How To Survive a Ground-Up Rewrite Without Losing Your Sanity
This is a guest post by Dan Milstein (@danmil), co-founder of Hut 8 Labs.
Disclosure: Joel Spolsky is a friend and I’m an investor in his company, Stack Exchange (which powers the awesome Stack Overflow) -Dharmesh
So, you know Joel Spolsky’s essay Things You Should Never Do, Part I? In which he urgently recommends that, no matter what, please god listen to me, don’t rewrite your product from scratch? And lists a bunch of dramatic failures when companies have tried to do so?
First off, he’s totally right. Developers tend to spectacularly underestimate the effort involved in such a rewrite (more on that below), and spectacularly overestimate the value generated (more on that below, as well).
But sometimes, on certain rare occasions, you’re going to be justified in rewriting a major part of your product (you’ll notice I’ve shifted to saying you’re merely rewriting a part, instead of the whole product. Please do that. If you really are committed to just rewriting the entire thing from scratch, I don’t know what to tell you).
If you’re considering launching a major rewrite, or find yourself as the tech lead on such a project in flight, or are merely toiling in the trenches of such a project, hoping against hope that it will someday end… this post is for you.
Hello, My Name is Dan, and I’ve Done Some Rewrites
A few years back, I joined a rapidly growing startup named HubSpot, where I ended up working for a good solid while (which was a marvelous experience, btw — you should all have Yoav Shapira as a boss at some point). In my first year there, I was one of the tech leads on a small team that rewrote the Marketing Analytics system (one of the key features of the HubSpot product), totally from scratch. We rewrote the back end (moving from storing raw hit data in SQLServer to processing hits with Hadoop and storing aggregate reports in MySQL); we rewrote the front end (moving from C#/ASP.Net to Java/Tomcat); we got into the guts of a dozen applications which had come to rely on that store of every-hit-ever, and found a way to make them work with the data that was now available. (Note: HubSpot is now primarily powered by MySQL/Hadoop/HBase.

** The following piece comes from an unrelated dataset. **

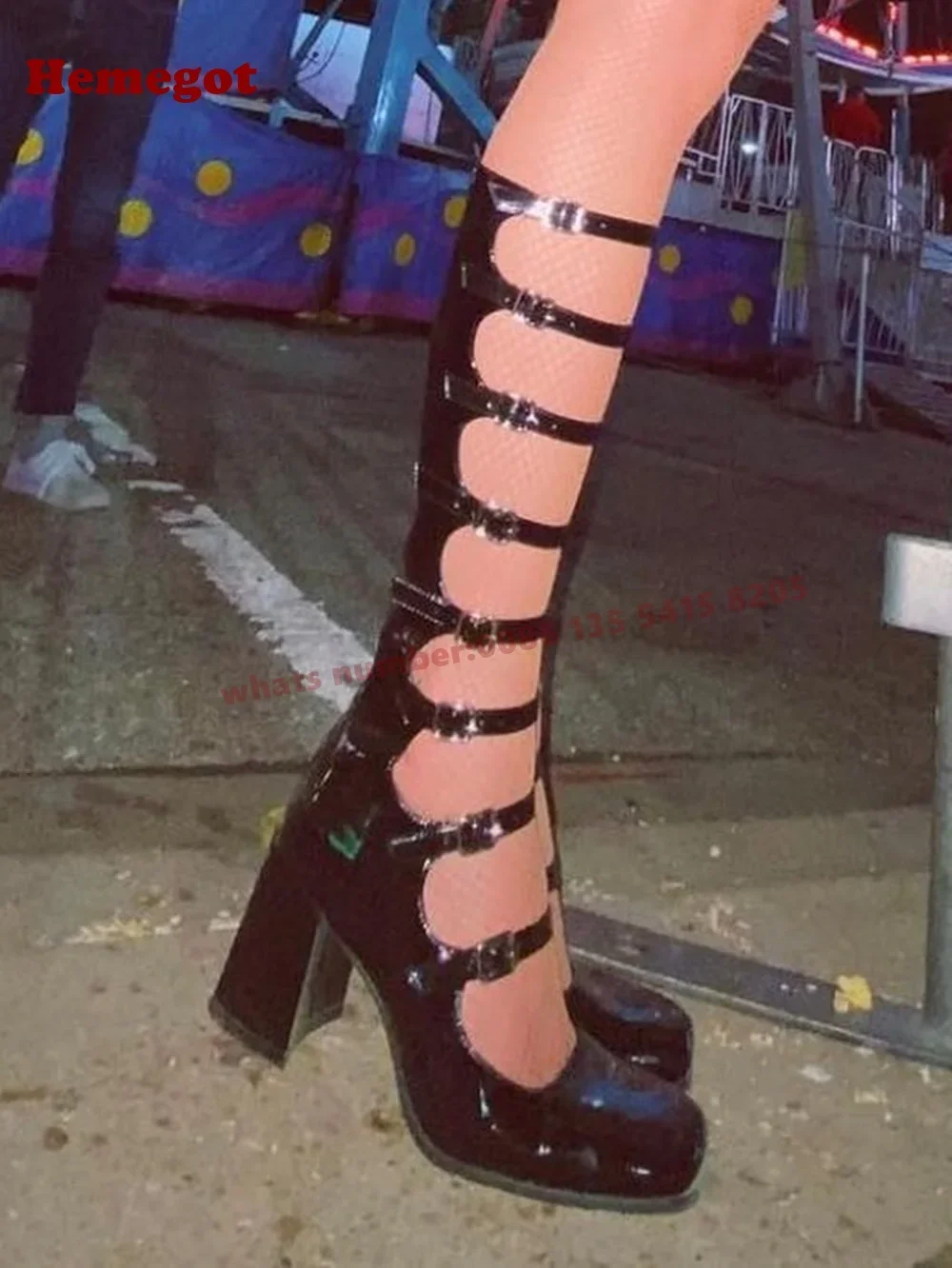 Black Velvet Cut-Out Sandals Round Toe Multi-Buckled Chunky Heeled Women's Sandal Boots 2026 New Summer Casual Shoes Sexy Luxury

Check out the HubSpot dev blog).
It took a loooong time. Much, much longer than we expected.
But it generated a ton of value for HubSpot. Very Important People were, ultimately, very happy about that project. After it wrapped up, ‘Analytics 2.0’, as it was known, somehow went from ‘that project that was dragging on forever’, to ‘that major rewrite that worked out really well’.
Then, after the Analytics Rewrite wrapped up, in my role as 5 Whys Facilitator, I led the post-mortem on another ambitious rewrite which hadn’t fared quite so well. I’ll call it The Unhappy Rewrite.

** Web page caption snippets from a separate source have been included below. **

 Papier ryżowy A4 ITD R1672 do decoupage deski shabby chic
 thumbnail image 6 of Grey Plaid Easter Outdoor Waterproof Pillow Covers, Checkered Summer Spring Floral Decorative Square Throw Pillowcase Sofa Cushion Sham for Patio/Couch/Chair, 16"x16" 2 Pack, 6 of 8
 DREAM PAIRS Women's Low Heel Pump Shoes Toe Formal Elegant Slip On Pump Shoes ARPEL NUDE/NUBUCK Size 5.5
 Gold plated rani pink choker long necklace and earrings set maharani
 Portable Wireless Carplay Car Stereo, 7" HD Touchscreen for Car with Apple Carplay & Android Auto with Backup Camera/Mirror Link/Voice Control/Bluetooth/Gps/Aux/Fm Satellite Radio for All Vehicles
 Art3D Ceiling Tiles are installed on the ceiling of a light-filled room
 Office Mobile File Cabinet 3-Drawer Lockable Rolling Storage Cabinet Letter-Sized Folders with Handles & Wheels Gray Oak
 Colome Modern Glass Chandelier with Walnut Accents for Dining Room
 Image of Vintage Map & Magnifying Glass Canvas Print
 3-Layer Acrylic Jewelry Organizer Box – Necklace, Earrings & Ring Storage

From all that, some fairly clear lessons emerged.
First, I’m going to talk about why these projects are so tricky. Then I’ll pass on some of those hard-won lessons on how to survive.
Prepare Yourself For This Project To Never Fucking End
The first, absolutely critical thing to understand about launching a major rewrite is that it’s going to take insanely longer than you expect. Even when you try to discount for the usual developer optimism. Here’s why:
- Migrating the data sucks beyond all belief
I’m assuming your existing system has a bunch of valuable data locked up in it (if it doesn’t, congrats, but I just never, ever run into this situation). You think, we’re going to set up a new db structure (or move it all to some NoSQL store, or whatever), and we’ll, I dunno, write some scripts to copy the data over, no problem.

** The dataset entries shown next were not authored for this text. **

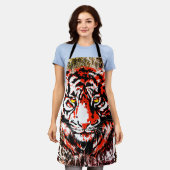 レッドタイガーエプロン – レッドタイガーヘッドスケッチ エプロン (着用した状態)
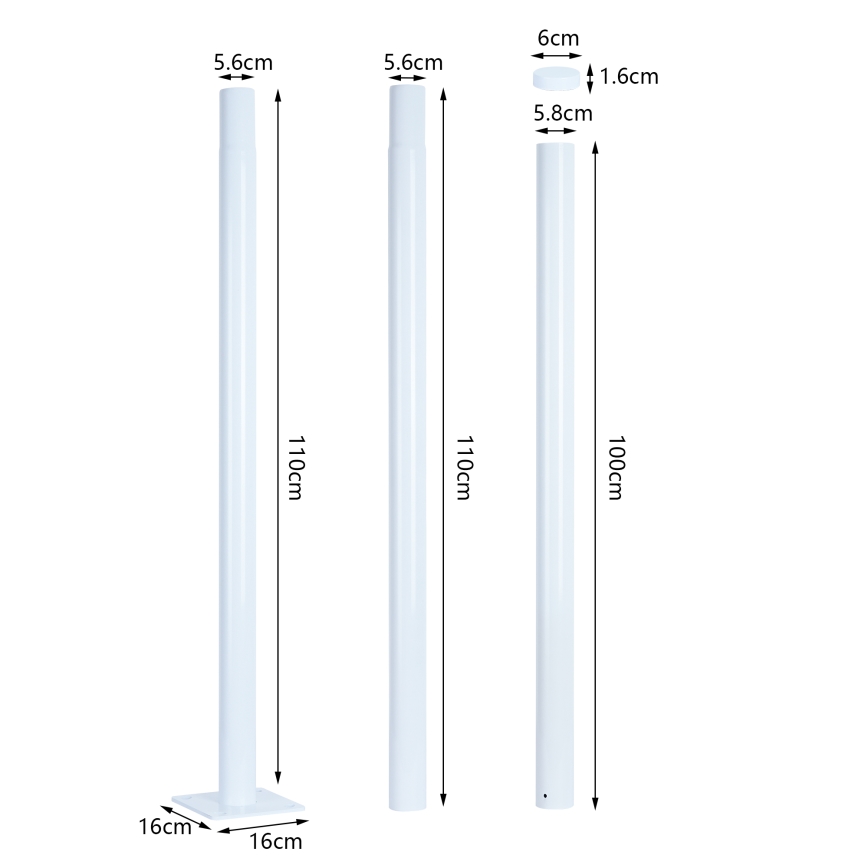 Brilagi - LED уличный фонарь со столбом 3 м URBANSPARK LED/120W/230V белый IP65
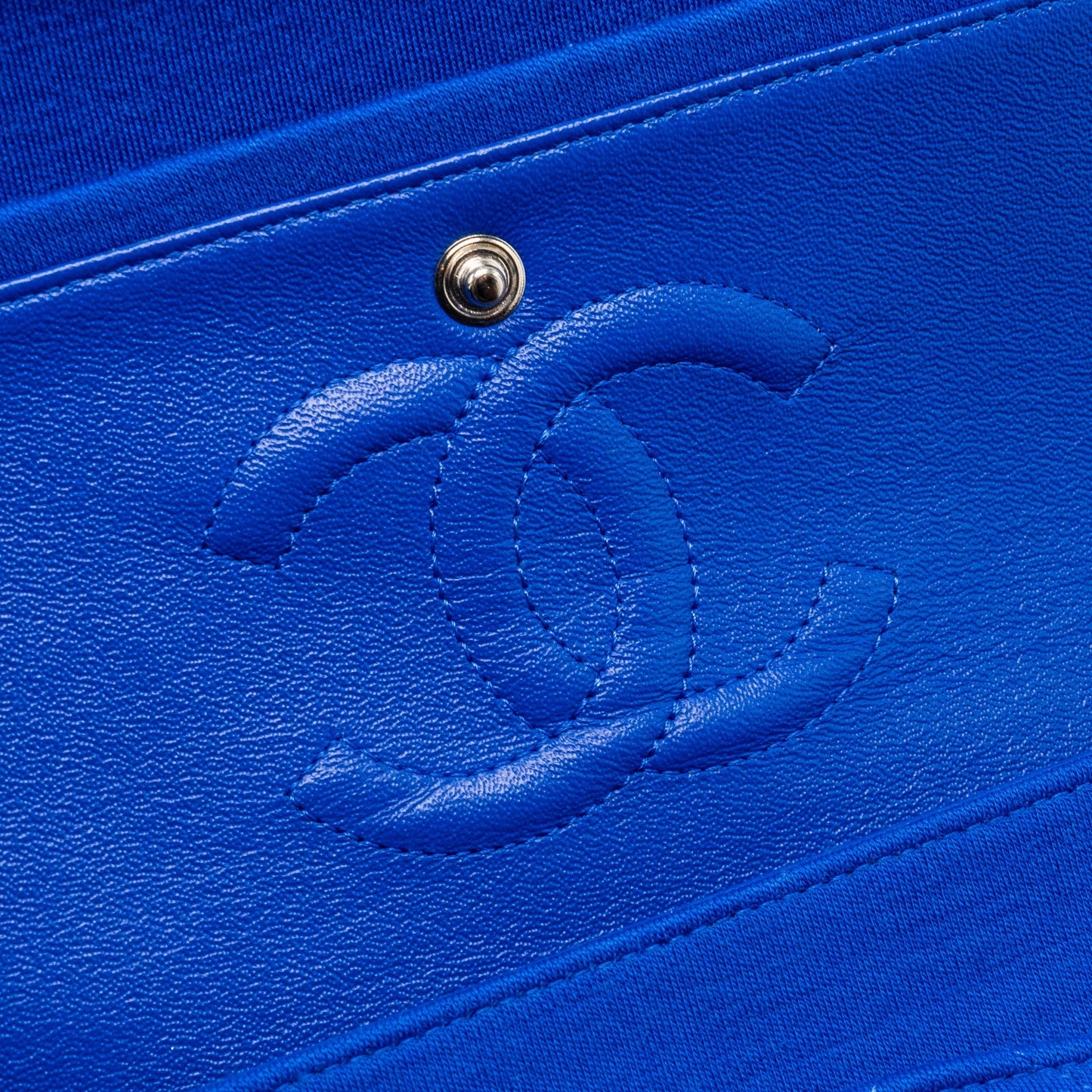 Chanel medium classic double flap bag fabric blue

Problem 1: there’s this endless series of weird crap encoded in the data in surprising ways. E.g. “The use_conf field is 1 if we should use the auto-generated configs… but only if the spec_version field is greater than 3. Oh, and for a few months, there was this bug, and use_conf was left blank. It’s almost always safe to assume it should be 1 when it’s blank. Except for customers who bought the Express product, then we should treat it as 2”. You have to migrate all your data over, checksum the living hell out of it, display it back to your users, and then figure out why it’s not what they expect. You end up poring over commit histories, email exchanges with developers who have long since left the company, and line after line of cryptic legacy code. (In prep for writing this, when I mentioned this problem to developers, every single time they cut me off to eagerly explain some specific, awful experience they’ve had on this front — it’s really that bad)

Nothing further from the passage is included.